** Raw data follows **

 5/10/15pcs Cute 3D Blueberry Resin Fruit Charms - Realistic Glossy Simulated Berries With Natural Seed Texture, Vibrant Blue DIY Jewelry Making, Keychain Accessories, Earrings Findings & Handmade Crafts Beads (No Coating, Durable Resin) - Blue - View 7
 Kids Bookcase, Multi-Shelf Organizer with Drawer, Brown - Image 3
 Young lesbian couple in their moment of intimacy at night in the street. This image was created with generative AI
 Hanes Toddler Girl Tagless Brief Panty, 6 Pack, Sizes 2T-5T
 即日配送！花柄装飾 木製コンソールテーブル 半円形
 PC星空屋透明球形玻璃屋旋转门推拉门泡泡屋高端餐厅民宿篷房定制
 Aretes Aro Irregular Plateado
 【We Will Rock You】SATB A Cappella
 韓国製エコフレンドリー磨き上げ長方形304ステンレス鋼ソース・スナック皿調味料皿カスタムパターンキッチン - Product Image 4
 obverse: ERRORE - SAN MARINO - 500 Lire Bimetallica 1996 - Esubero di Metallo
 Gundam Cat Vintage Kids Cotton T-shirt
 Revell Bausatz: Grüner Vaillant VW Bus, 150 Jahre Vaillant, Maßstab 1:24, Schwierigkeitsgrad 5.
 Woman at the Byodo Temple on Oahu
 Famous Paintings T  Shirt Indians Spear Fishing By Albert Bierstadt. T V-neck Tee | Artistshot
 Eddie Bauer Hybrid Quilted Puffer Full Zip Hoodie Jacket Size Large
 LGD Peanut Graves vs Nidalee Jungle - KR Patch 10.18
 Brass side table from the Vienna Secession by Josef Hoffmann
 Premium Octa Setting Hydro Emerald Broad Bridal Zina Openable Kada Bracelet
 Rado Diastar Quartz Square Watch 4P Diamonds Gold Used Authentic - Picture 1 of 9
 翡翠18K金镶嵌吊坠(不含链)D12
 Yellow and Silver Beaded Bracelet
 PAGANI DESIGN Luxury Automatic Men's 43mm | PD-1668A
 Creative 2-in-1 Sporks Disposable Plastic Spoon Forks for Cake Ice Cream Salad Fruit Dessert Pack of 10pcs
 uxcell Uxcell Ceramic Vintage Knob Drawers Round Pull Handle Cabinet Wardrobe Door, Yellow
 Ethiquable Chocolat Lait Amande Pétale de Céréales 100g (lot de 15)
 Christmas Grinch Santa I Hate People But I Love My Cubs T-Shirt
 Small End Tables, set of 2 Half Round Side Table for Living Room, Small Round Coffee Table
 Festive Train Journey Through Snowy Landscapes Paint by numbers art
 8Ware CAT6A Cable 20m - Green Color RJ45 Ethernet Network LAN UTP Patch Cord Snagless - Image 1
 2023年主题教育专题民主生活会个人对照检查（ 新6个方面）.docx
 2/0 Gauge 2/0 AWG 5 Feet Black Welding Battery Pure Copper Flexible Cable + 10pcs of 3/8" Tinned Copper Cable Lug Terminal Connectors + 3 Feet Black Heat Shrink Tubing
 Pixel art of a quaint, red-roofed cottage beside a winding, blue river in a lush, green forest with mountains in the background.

** End of Raw data **

Problem description:
Report how many lines of the entries hold the string "Vintage". Provide the number alone.

Expected output:
2